In 1995, a new economic policy was introduced, marking the country's worst economic period. Financial need was the primary motivation for people entering prostitution during this time, and Cuba gained a reputation as the "Thailand of the Caribbean". However, in Cuba, the situation had some differences from other developing countries. Prostitutes in Cuba did not work in oppressive conditions, alcohol and drug addiction were not routed into prostitution, and people were not sold into prostitution by their families. Julia O'Connell Davidson noted in her 1996 article "Sex Tourism in Cuba" that, "In Cuba there is no network of brothels, no organized system of bar prostitution; in fact, third-party involvement in the organization of prostitution is rare". Women's fiction increasingly included the subject of prostitution, and Cuban theatres began to stage foreign plays about prostitution. Prostitution also began to be presented in Cuban films, acting as a metaphor for the downfall of the socialist system and for the island being sold out to foreign tourists and investors.
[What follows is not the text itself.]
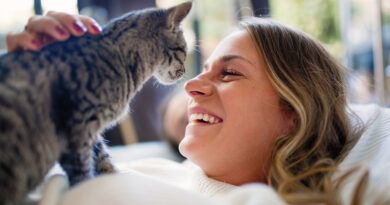 Oxitocina felina: así refuerza la “hormona del amor” el vínculo entre humanos y gatos 4 20251009 Gato Enfermedades comunes en perros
Prostitutes were often represented as individualistic, greedy, lazy women. Male-to-male sex workers, known as jineteros or pingueros, appeared during the Special Period, and were a significant part of the developing Cuban gay scene when LGBT rights in Cuba began to develop.
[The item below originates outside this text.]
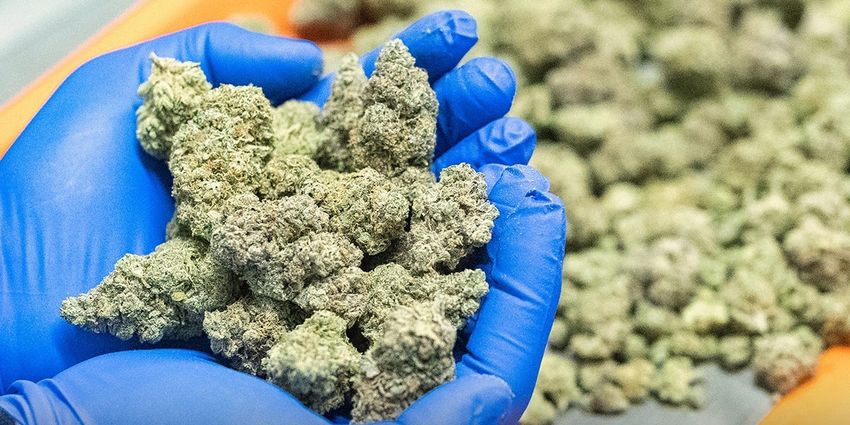  Pot stocks just notched their biggest weekly rally since March 2020 amid hopes of a lower-risk rating from the DEA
Government attempts to limit prostitution began in 1998, and have continued since. In 2004, prostitutes could still be seen in Havana after sunset, outside the main tourist hotels and certain discos and bars, or hitchhiking along the Malecón highway. Dressed in skimpy clothes, they would proposition tourists or invite them to nightclubs, where cash-for-sex could be suggested more discreetly. However, by 2007, prostitution had been significantly reduced, and was no longer practiced openly and widely in tourist areas.
Child prostitution
Incidents of child prostitution were reported during the Special Period, and subsequent investigations by foreign journalists have reported cases of child prostitution, with the clientele mainly being sex tourists. Cuban laws prohibit the sexual exploitation of girls or boys aged under 15, and those convicted can be sentenced to maximum of 30 years in prison, or the death penalty if there are aggravating factors.
Sex trafficking
See also: Human trafficking in CubaCuba is a source and destination country for adults and children subjected to sex trafficking. Child sex trafficking and child sex tourism occur within Cuba. Cuban authorities report people from ages 13 to 20 are most vulnerable to human trafficking in the country. Traffickers also subject Cuban citizens to sex trafficking in South America, the Caribbean, and the United States. Traffickers recruit Cuban citizens through promises of work abroad, providing fraudulent contracts and immigration documents for a fee, and subsequently coercing these individuals into prostitution to pay off these debts. The government reported foreign national sex trafficking victims in Cuba.
The penal code's definition of sex trafficking conflates sex trafficking with prostitution and pimping. The law criminalizes inducement to or benefiting from prostitution, but treats force, coercion, and abuse of power or vulnerability as aggravating factors rather than an integral part of the crime. These provisions prescribe penalties ranging from four to 10 years of imprisonment with more severe penalties for complicit government officials.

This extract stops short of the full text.